Both the 37 gallon and 20 gallon are too small for your fish - that is true. The acei (black and white one) and the red zebra will be 6"+ when mature and will require at least a 48" long tank like a 55 (minimum) or 75 gallon (preferable) tank. As a bare minimum the lab and peacock might be alright in the 37, but since both are most likely hybrids there's no telling how big they'll end up getting. I would not add any fish to your current tank, and you need to get a bigger tank soon then add more fish to help spread the aggression around.

If getting a bigger tank isn't an option, the best thing to do would be to trade these fish in for some that are more appropriate for the tank you've got. Sorry!


----------



## Bootstraps (Oct 13, 2014)

Ok, thank you for the honesty and information. Getting a bigger tank is out of the question sadly. Im gonna look to trade to them in for something that wont grow as big, unless i am able to find a 75 gallon tank soon at a very inexpensive price.

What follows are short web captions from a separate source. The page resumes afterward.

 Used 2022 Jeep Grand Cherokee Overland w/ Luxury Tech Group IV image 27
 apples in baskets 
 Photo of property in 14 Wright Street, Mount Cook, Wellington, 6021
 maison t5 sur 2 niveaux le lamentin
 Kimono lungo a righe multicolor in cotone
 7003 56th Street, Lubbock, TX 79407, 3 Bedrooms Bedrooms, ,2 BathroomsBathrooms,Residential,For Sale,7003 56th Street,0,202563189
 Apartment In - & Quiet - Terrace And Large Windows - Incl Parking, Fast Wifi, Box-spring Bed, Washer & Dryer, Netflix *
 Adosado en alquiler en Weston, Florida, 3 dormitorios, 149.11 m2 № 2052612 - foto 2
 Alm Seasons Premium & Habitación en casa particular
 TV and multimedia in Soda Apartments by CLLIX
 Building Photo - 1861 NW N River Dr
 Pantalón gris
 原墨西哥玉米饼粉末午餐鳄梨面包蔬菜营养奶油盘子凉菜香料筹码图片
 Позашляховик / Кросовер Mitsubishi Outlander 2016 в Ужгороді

Thanks again for the info and the help. This is a great forum with lots of good info. Hopefully one of my LFS' will have something that i can trade for.


----------



## Chester B (Dec 28, 2012)

Used tanks are very easy to come by at good prices. 75 and 90's seem to be pretty easy to find, so it may worth your time to look at some classified ad websites for you area.


----------



## nmcichlid-aholic (Mar 23, 2011)

You could Consider Trading Your Fish In For A Colony Of Pseudotropheus Saulosi To Keep In The 37 Gallon. They're A Dwarf Mbuna Species And Only Get To Be Around 3.5" When Adult. Many People Keep Them In Tanks That Are Too Small For Most Other Mbuna With Success, And They're Great Because You Get Both Yellow Females And Blue Barred Males From A Single Species. If You Can Find Them It's Worth A Shot. I'd Get Somewhere Between 6-8 Of Them To Start With.


----------



## Bootstraps (Oct 13, 2014)

thank you both! I'm on the look out for a larger tank, and i really like that idea of the Ps. Saulosi, I'm gonna make some trips to the LFS around here and see what i can find. Otherwise i'll look online and do some research.


----------